[Extracted data — start]

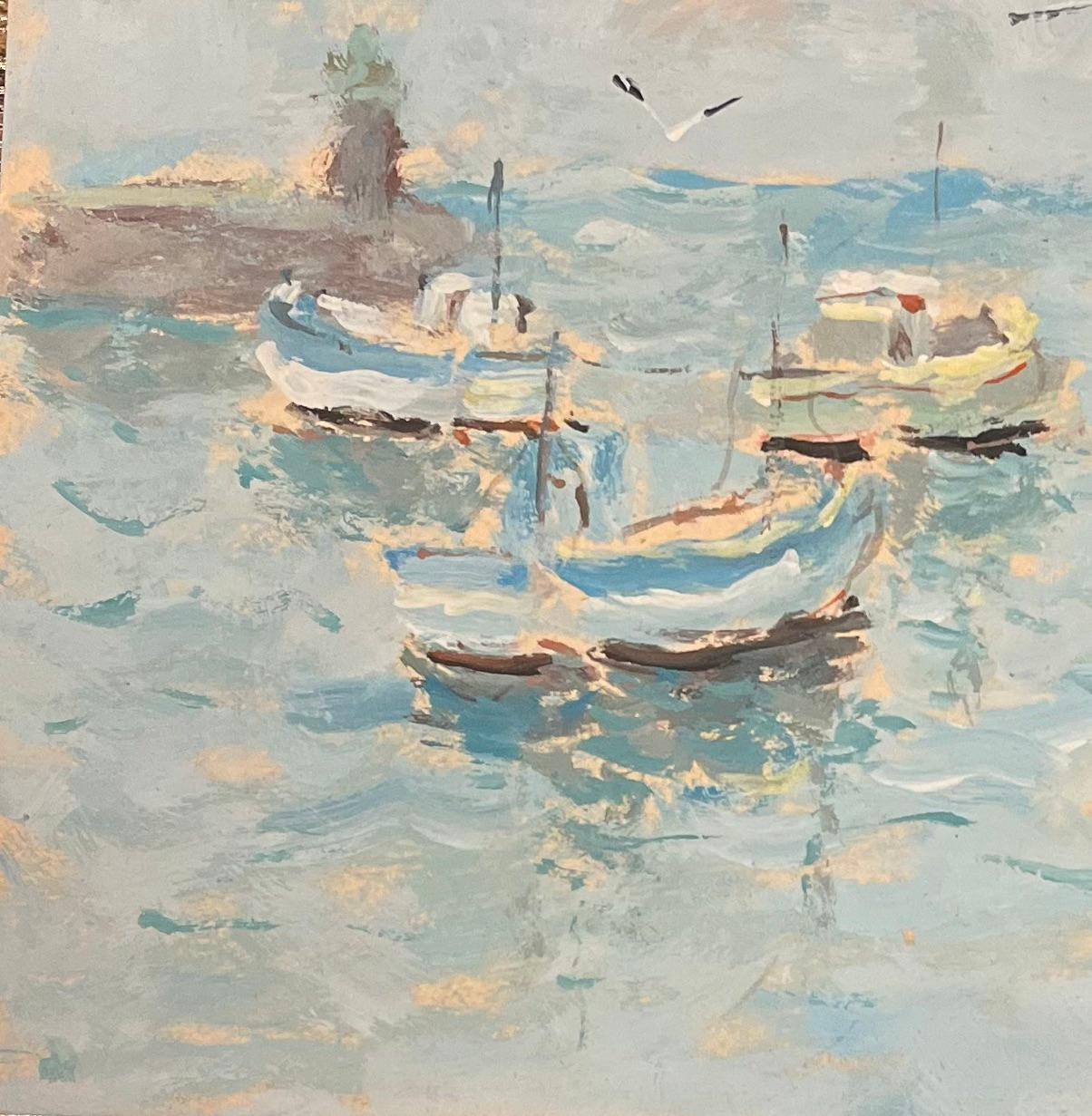 French Impressionist Oil Painting of Boats and Lighthouse in a Calm Harbour For Sale 1
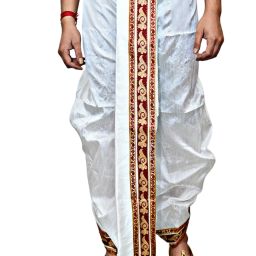 Sumit online solid Self Design Men Dhoti-image-2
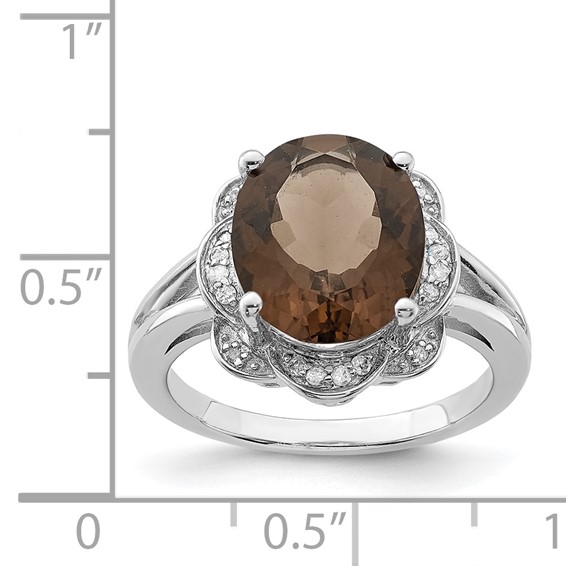 Sterling Silver Rhodium Oval Smoky Quartz & Diam. Ring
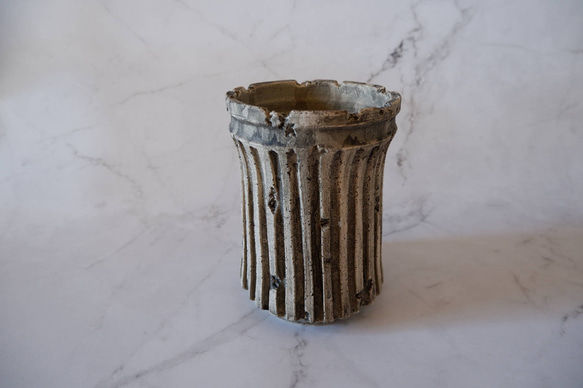 4号墨流し白砂岩鎬深鉢245　塊根植物　アガベ　多肉植物　盆栽　植木鉢　作家鉢　鉢皿　沖縄 1枚目の画像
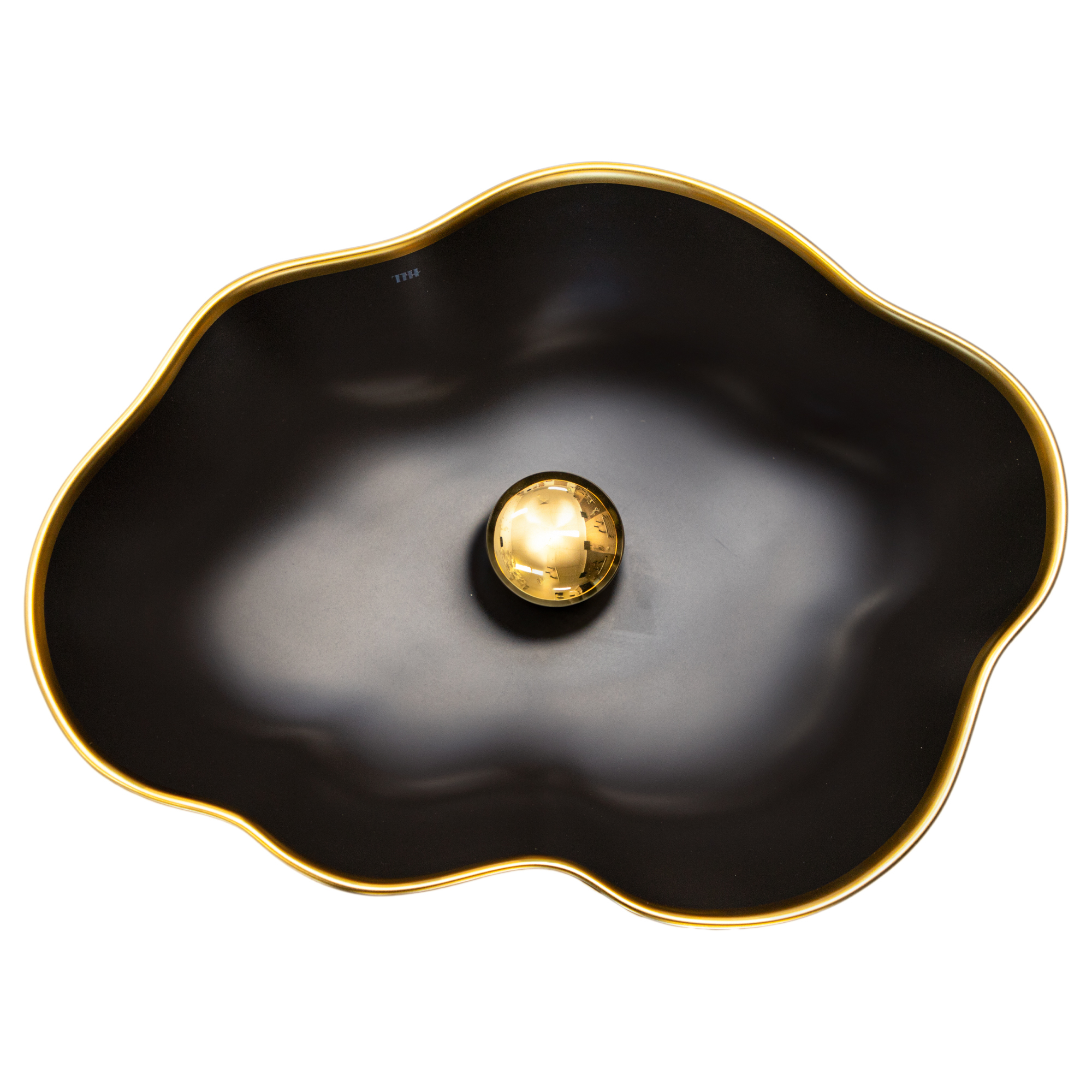 THH Above Counter Ceramic Bathroom Basin Matt Black with Gold Trim 500x380x130mm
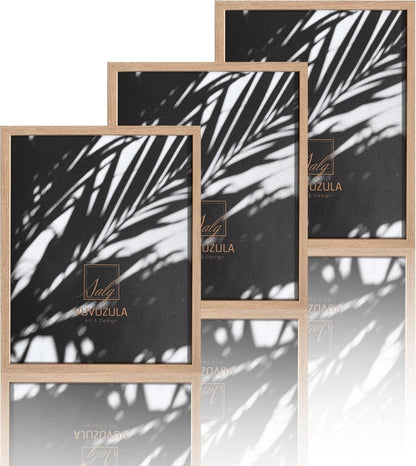 Bilderrahmen Natur Holz 40x50cm Set 3er Acrylglas Schutzhülle Rahmen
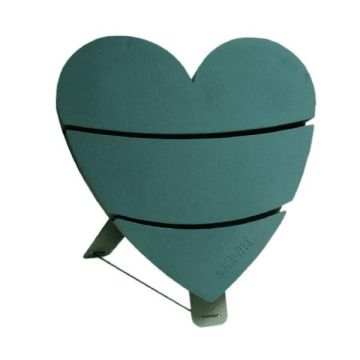 Spugna da infilaggio a umido OASIS® a forma di cuore, decorazioni per matrimoni, base in legno Bioline, supporto in legno, verde, 43,5x43x4,5 cm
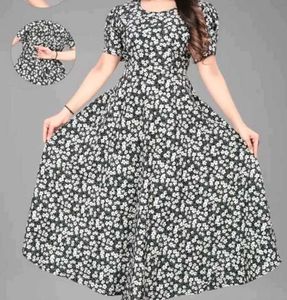 Elegant Black Floral Maxi Dress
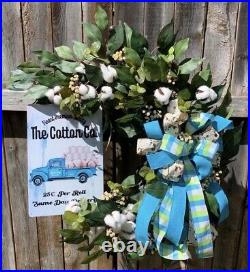 Turquoise And Green With Cotton Wreath For Front Door, Summer Blue Truck Decor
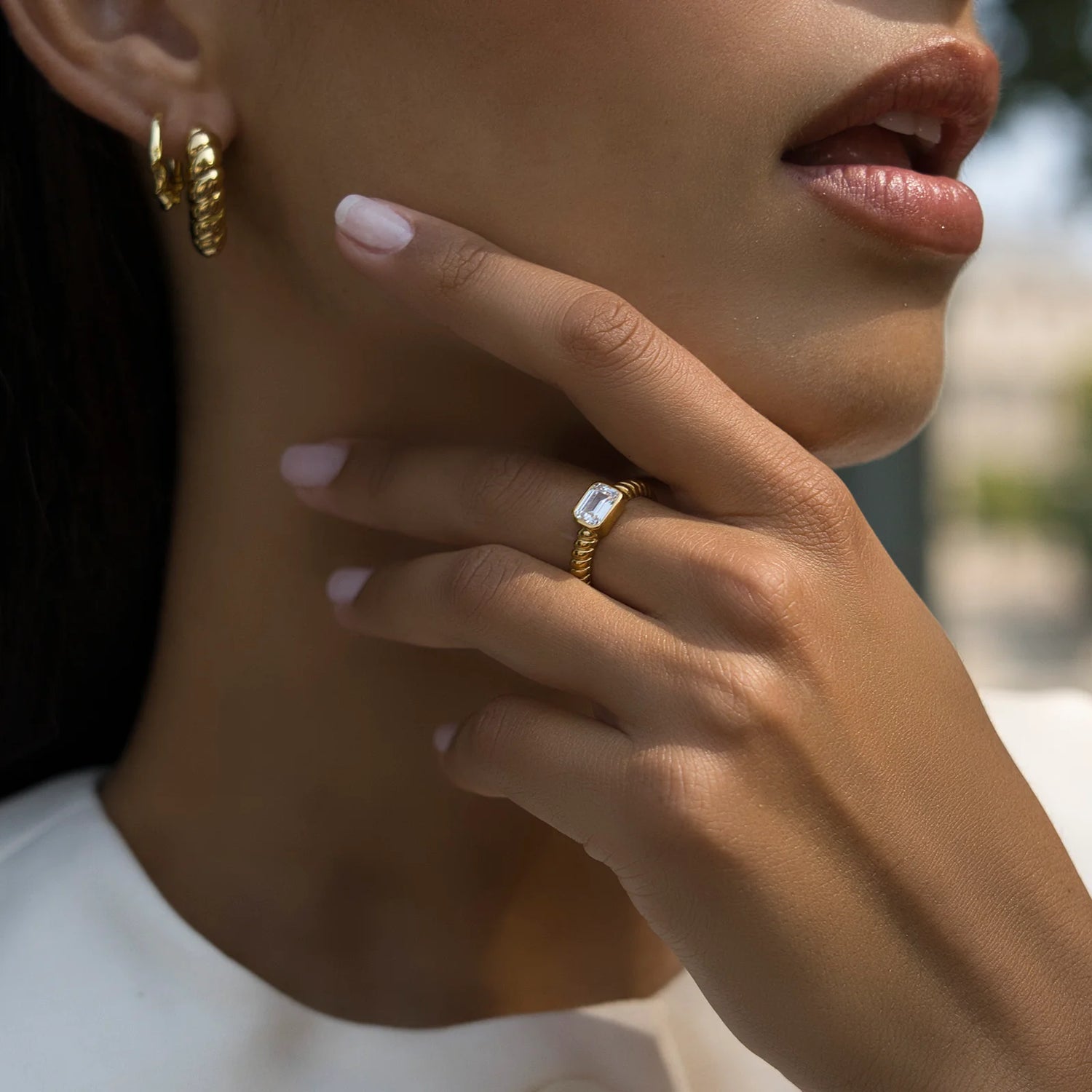 Fairley| Emerald Cut Croissant Ring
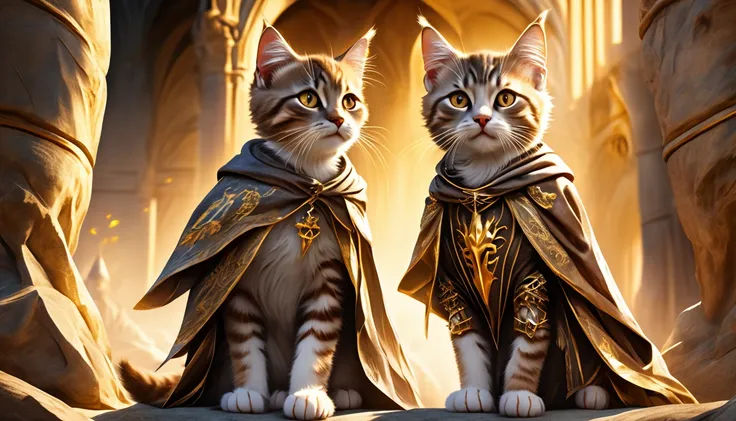 Fucking: Anthropomorphic brown tabby kitten with golden eyes, Set in medieval Europe, Wearing luxurious robes. Cinematic dramatic movie scenes with fantasy art, Realistic style. Atmospheric particles, detailed, Full Frame, 8k resolution.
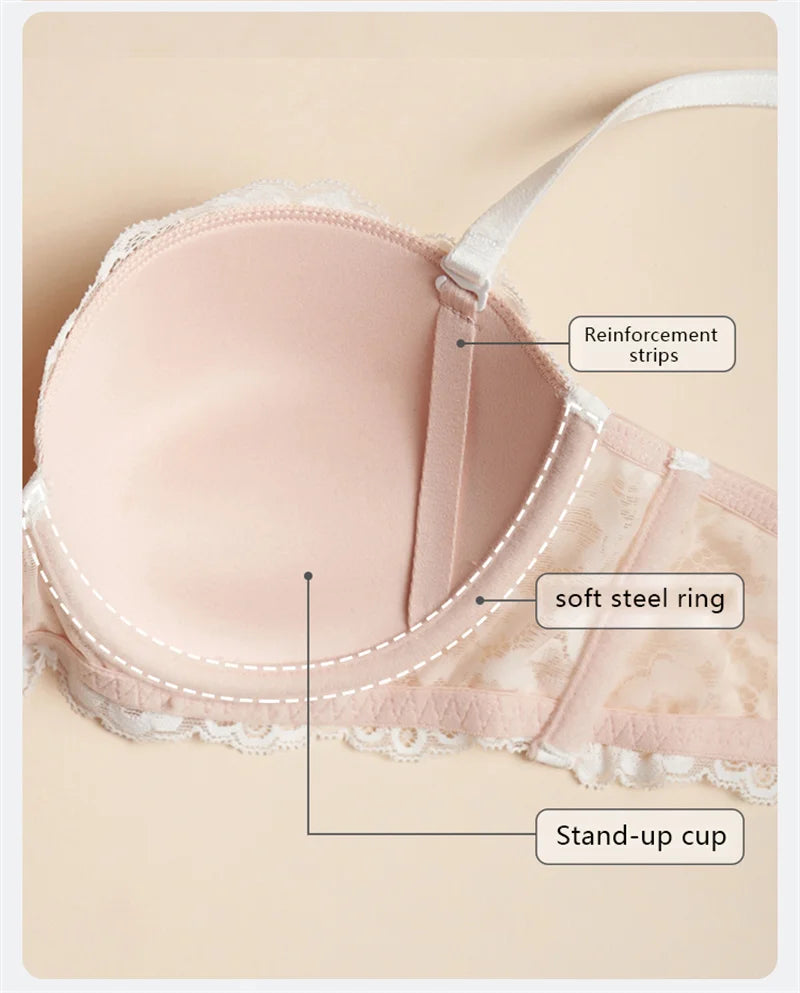 FINETOO Sexy Lace Bra Women 1/2 Cup Underwire Bras Ladies Push Up Underwear Trendy Floral Brassiere Female Comfortable Intimates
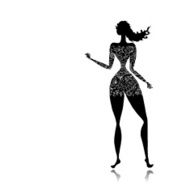 Pretty lady black silhouette floral ornament underwear for your design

[Extracted data — finish]

Copy the final portion of the records: every line from the one containing "4号墨流し白砂岩鎬深鉢245" through the last, word for word, without pictures.

• Written solution
 4号墨流し白砂岩鎬深鉢245　塊根植物　アガベ　多肉植物　盆栽　植木鉢　作家鉢　鉢皿　沖縄 1枚目の画像
 THH Above Counter Ceramic Bathroom Basin Matt Black with Gold Trim 500x380x130mm
 Bilderrahmen Natur Holz 40x50cm Set 3er Acrylglas Schutzhülle Rahmen
 Spugna da infilaggio a umido OASIS® a forma di cuore, decorazioni per matrimoni, base in legno Bioline, supporto in legno, verde, 43,5x43x4,5 cm
 Elegant Black Floral Maxi Dress
 Turquoise And Green With Cotton Wreath For Front Door, Summer Blue Truck Decor
 Fairley| Emerald Cut Croissant Ring
 Fucking: Anthropomorphic brown tabby kitten with golden eyes, Set in medieval Europe, Wearing luxurious robes. Cinematic dramatic movie scenes with fantasy art, Realistic style. Atmospheric particles, detailed, Full Frame, 8k resolution.
 FINETOO Sexy Lace Bra Women 1/2 Cup Underwire Bras Ladies Push Up Underwear Trendy Floral Brassiere Female Comfortable Intimates
 Pretty lady black silhouette floral ornament underwear for your design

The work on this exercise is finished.